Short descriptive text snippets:
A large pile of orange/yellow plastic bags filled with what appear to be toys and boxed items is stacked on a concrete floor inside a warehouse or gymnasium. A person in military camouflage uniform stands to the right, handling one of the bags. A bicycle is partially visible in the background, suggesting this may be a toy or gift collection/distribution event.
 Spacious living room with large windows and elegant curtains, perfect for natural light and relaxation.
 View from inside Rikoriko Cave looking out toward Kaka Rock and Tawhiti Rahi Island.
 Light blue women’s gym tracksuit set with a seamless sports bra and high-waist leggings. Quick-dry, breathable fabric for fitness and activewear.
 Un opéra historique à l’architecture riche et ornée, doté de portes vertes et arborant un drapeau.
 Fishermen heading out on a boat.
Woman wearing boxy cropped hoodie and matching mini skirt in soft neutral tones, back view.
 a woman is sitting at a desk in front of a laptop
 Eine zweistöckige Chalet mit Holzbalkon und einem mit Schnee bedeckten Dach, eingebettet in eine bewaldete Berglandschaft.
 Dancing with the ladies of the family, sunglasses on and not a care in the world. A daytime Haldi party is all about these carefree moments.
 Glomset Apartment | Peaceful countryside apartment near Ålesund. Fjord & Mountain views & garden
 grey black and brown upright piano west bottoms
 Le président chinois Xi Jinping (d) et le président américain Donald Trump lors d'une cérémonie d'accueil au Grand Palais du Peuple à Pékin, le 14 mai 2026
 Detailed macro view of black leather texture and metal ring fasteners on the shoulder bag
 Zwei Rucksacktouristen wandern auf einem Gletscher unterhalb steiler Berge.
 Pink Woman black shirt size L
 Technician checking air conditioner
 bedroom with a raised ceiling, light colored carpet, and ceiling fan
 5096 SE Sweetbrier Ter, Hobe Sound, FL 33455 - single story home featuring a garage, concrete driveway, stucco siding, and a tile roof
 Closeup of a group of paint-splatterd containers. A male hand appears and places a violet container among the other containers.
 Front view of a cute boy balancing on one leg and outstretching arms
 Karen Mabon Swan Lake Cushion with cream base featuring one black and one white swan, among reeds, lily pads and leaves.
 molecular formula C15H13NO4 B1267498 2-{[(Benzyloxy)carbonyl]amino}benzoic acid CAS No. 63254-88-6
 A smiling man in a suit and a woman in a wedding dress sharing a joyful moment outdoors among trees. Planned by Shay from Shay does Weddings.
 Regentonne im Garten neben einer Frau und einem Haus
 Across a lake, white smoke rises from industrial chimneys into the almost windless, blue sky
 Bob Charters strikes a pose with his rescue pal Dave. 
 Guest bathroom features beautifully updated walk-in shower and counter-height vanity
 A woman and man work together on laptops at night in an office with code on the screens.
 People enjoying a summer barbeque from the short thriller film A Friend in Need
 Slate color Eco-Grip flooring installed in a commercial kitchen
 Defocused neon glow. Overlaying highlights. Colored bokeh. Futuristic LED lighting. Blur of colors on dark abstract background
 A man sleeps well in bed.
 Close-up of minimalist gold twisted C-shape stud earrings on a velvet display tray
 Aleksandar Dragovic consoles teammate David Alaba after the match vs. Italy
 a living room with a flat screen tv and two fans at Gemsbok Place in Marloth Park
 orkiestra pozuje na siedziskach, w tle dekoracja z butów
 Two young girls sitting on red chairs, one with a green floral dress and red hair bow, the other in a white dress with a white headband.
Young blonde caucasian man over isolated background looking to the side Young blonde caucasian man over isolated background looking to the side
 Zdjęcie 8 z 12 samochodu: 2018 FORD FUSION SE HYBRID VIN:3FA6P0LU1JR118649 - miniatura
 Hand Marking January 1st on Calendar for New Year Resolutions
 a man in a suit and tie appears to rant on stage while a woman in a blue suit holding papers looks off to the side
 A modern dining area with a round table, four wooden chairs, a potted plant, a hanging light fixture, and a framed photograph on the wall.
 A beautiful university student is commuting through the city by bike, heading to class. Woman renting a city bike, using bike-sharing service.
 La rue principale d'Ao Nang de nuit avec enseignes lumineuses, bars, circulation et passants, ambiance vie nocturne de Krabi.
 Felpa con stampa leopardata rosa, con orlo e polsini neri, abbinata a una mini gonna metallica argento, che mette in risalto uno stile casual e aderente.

__Task requirements__
Both end lines included, restate word for word the lines above from the line with "Zdjęcie 8 z" to the line with "La rue principale", and nothing else.

__Answer to this task__
 Zdjęcie 8 z 12 samochodu: 2018 FORD FUSION SE HYBRID VIN:3FA6P0LU1JR118649 - miniatura
 Hand Marking January 1st on Calendar for New Year Resolutions
 a man in a suit and tie appears to rant on stage while a woman in a blue suit holding papers looks off to the side
 A modern dining area with a round table, four wooden chairs, a potted plant, a hanging light fixture, and a framed photograph on the wall.
 A beautiful university student is commuting through the city by bike, heading to class. Woman renting a city bike, using bike-sharing service.
 La rue principale d'Ao Nang de nuit avec enseignes lumineuses, bars, circulation et passants, ambiance vie nocturne de Krabi.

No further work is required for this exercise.